The Eastern Caribbean Solar Challenge proposes, in the first instance, at least five megawatts
(MW) of new small-to-medium photovoltaic installations by 2025, with an interim target, by 2023, of at least 1.5 MW comprising 0.45MW on public building and 1.05 MW on the private sector and residential buildings.
The St. Lucia-based OECS Commission said that solar electricity has become one of the most cost-effective forms of renewable energy, worldwide.
“Because the Caribbean is blessed with more than 200 days of sunlight annually, it is well-positioned to take advantage of the solar revolution. The Eastern Caribbean Solar Challenge aims to increase the use of solar electricity (also known as photovoltaics or PV) in OECS member states through the combined efforts of governments, the private sector, financial institutions, homeowners and development partners, and is open to all.”
The OECS groups the islands of Antigua and Barbuda, Dominica, Grenada, St. Lucia, St. Vincent and the Grenadines, St. Kitts-Nevis, Montserrat, Anguilla and the British Virgin Islands.
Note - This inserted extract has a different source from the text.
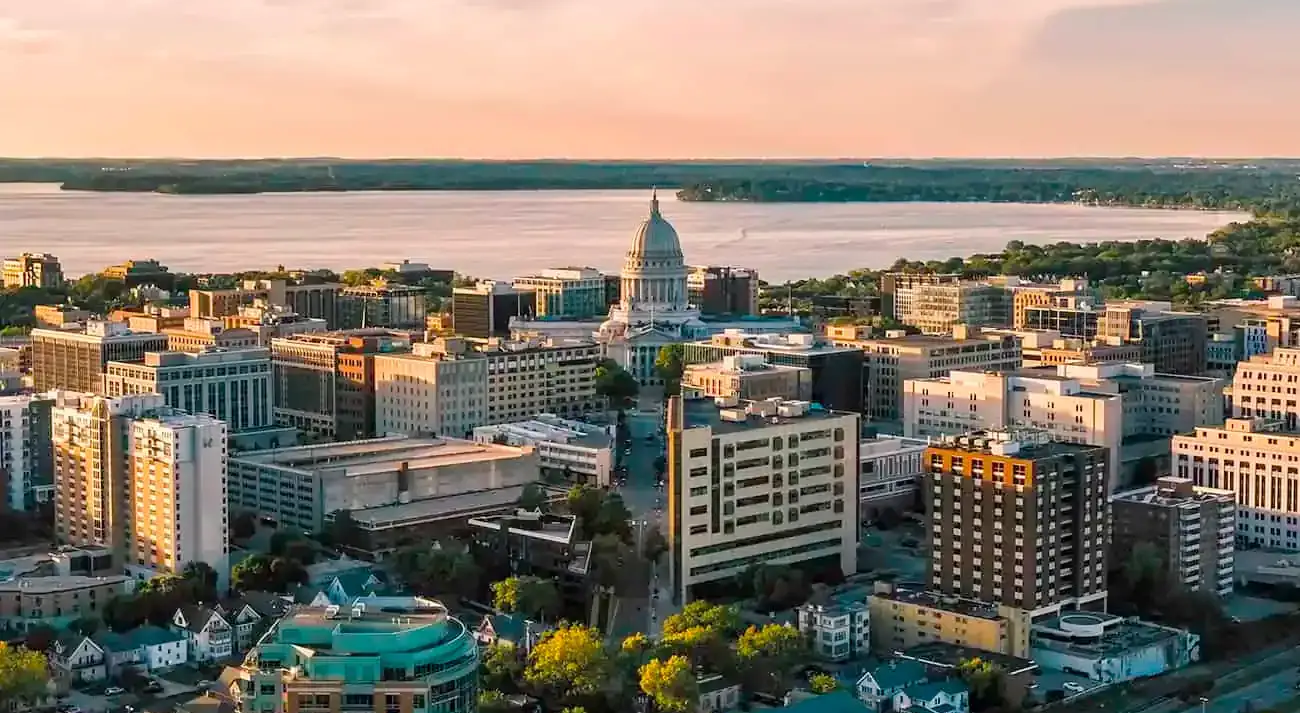 Aerial view of downtown Madison, Wisconsin at sunset, showcasing the Wisconsin State Capitol surrounded by buildings, lakes, and tree-lined streets.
The OECS Commission said that one element of the challenge that sets it apart is its focus on small and medium-scale PV installations.
“Another unique element is the deliberate inclusion of the private sector and households which, traditionally, have not been engaged in such initiatives but which have the ability to make a significant contribution.”
The Eastern Caribbean Solar Challenge is a special project of the Caribbean NDC Finance Initiative (NDCFI).
The NDCFI was launched in 2017 by the OECS and the St. Lucia government and serves all OECS member states. It was established with the political support of the United Nations Framework Convention on Climate Change (UNFCCC), under the auspices of the NDC Partnership and with financial support from GIZ.
The Eastern Caribbean Solar Challenge: “Race to the Sun” aims to engage governments, the private sector, development partners and households in a united effort to increase the diffusion of solar electricity and heating across the region by the end of 2023, in the first instance.